Christophe De Caevel
Sauvez la démocratie !
Deux Belges sur trois souhaitent l’instauration d’un régime plus autoritaire, nous apprend l’étude “Noir Jaune Blues”, réalisée par le bureau Survey & Action et publiée par Le Soir. Un danger pour notre démocratie ?
Les personnes interrogées dans le cadre de l’étude de Survey & Act semblent toujours préconiser l’élection des dirigeants au suffrage universel. Mais l’action de ceux-ci ne devrait plus, ensuite, être “gênée par des juges, des journalistes, des fonctionnaires, des lanceurs d’alerte ou des intellectuels critiques”. En d’autres termes, les dirigeants auraient les mains totalement libres, le seul garde-fou étant la sanction des électeurs au terme de la législature.

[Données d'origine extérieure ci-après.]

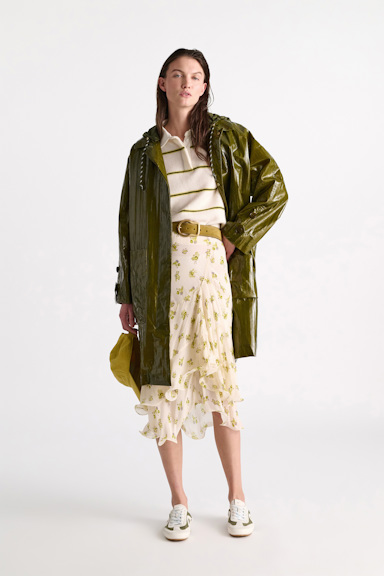 Dorothee Schumacher Gestreiftes Polohemd aus Merino und Kaschmir white ginger trio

Nous pestons tous régulièrement, y compris dans les colonnes de Trends-Tendances, contre l’inertie politique et les blocages technocratiques de projets industriels ambitieux. Mais pas au point de vouloir envoyer valdinguer notre démocratie parlementaire au profit d’une quelconque aventure autoritaire. Rappelons d’emblée qu’une bonne partie de ces blocages ne provient pas du “système” mais d’actions citoyennes contre l’extension d’une usine, l’implantation d’éoliennes ou l’élargissement d’une route. Ce sont ces mobilisations qui amènent ensuite des juges à se prononcer, des journaux à écrire des articles et même parfois des électeurs à changer leurs habitudes de vote.
Effectivement, ces contre-pouvoirs peuvent parfois retarder voire empêcher l’exécution de projets a priori souhaitables. Mais ils peuvent surtout les orienter vers un meilleur équilibre des intérêts et améliorer ainsi la décision. A l’inverse, s’il peut apparaître plus efficace et rapide au départ, un processus autocratique finit par tuer l’innovation, à force de se contenter de regards uniformes sur les dossiers. C’est pour cette raison que les bonnes équipes dirigeantes, publiques ou privées, veillent à préserver en leur sein une diversité d’approches.
Longtemps, ces arbitrages politiques entre les différents points de vue ont pu être menés et assumés au sein de grands partis, loin d’être eux-mêmes monolithiques. Aujourd’hui, en raison à la fois de l’abstention et de l’éparpillement des voix, les partis politiques sont au mieux “moyens” et le plus souvent “petits”. Ils représentent de ce fait des intérêts de plus en plus catégoriels et n’ont plus la même capacité d’arbitrage.
Ce phénomène est renforcé par la tonalité de la communication sur les réseaux sociaux, principale source d’information de beaucoup d’électeurs (abstentionnistes ou non), qui incitent plus à l’affrontement qu’à la recherche de compromis. Ce contexte empêche, par exemple, la concrétisation de vraies politiques climatiques (dont à peu près tous les décideurs sont pourtant convaincus de l’urgence), chacun restant braqué sur ce qu’il croit être la défense des intérêts à court terme de son électorat.
Il faut donc repenser notre démocratie parlementaire à l’aune d’un nouveau contexte. Par exemple en y instillant des doses de démocratie participative. “La politique est trop importante pour être laissée uniquement aux hommes politiques”, disait l’an dernier dans L’Echo l’essayiste David Van Reybrouck, promoteur notamment du G1000. De nombreuses expériences existent à travers le monde, y compris en Belgique. Le Parlement de la Communauté germanophone est en effet devenu la première assemblée à se doter d’un conseil permanent de citoyens tirés au sort.
Ces expériences montrent que, quand ils sont placés en situation, les citoyens s’informent et parviennent à élaborer ensemble des solutions qui font vraiment bouger les lignes. Jusqu’ici, les propositions de ces instances passent toutefois difficilement la rampe de l’exécution par le politique, celui qui devra in fine les défendre devant les électeurs.